Pick out every line in the data below that holds "with".

Data shown =
※

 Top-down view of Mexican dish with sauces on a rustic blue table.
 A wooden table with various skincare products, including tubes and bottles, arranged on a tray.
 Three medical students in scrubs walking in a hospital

※

Response below =
 Top-down view of Mexican dish with sauces on a rustic blue table.
 A wooden table with various skincare products, including tubes and bottles, arranged on a tray.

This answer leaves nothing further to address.